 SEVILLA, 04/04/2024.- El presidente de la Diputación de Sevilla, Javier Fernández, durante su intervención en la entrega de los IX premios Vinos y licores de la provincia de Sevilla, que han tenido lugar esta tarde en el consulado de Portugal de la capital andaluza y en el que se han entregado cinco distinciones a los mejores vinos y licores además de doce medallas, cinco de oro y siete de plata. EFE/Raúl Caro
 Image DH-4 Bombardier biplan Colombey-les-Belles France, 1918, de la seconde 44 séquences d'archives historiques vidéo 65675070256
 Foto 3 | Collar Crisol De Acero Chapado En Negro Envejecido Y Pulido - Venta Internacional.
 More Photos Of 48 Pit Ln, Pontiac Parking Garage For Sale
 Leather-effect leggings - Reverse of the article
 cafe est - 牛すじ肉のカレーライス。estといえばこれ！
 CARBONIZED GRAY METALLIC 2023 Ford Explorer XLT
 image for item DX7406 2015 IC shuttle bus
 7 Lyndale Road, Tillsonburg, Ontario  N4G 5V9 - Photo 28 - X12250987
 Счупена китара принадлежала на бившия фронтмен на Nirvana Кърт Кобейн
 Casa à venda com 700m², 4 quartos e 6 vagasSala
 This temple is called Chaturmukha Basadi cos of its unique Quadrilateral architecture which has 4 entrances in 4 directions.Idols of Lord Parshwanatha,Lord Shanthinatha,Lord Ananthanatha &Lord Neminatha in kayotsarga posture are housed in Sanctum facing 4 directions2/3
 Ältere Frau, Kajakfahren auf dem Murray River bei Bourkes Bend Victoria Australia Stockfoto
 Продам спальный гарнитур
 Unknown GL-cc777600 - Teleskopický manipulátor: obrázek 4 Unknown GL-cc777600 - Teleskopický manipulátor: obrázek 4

-*-*-

* _Work instructions_:
Each line from the one containing "7 Lyndale Road, Tillsonburg, Ontario" to the end of the entries above should be copied exactly, and no other line.

* _Written answer_:
 7 Lyndale Road, Tillsonburg, Ontario  N4G 5V9 - Photo 28 - X12250987
 Счупена китара принадлежала на бившия фронтмен на Nirvana Кърт Кобейн
 Casa à venda com 700m², 4 quartos e 6 vagasSala
 This temple is called Chaturmukha Basadi cos of its unique Quadrilateral architecture which has 4 entrances in 4 directions.Idols of Lord Parshwanatha,Lord Shanthinatha,Lord Ananthanatha &Lord Neminatha in kayotsarga posture are housed in Sanctum facing 4 directions2/3
 Ältere Frau, Kajakfahren auf dem Murray River bei Bourkes Bend Victoria Australia Stockfoto
 Продам спальный гарнитур
 Unknown GL-cc777600 - Teleskopický manipulátor: obrázek 4 Unknown GL-cc777600 - Teleskopický manipulátor: obrázek 4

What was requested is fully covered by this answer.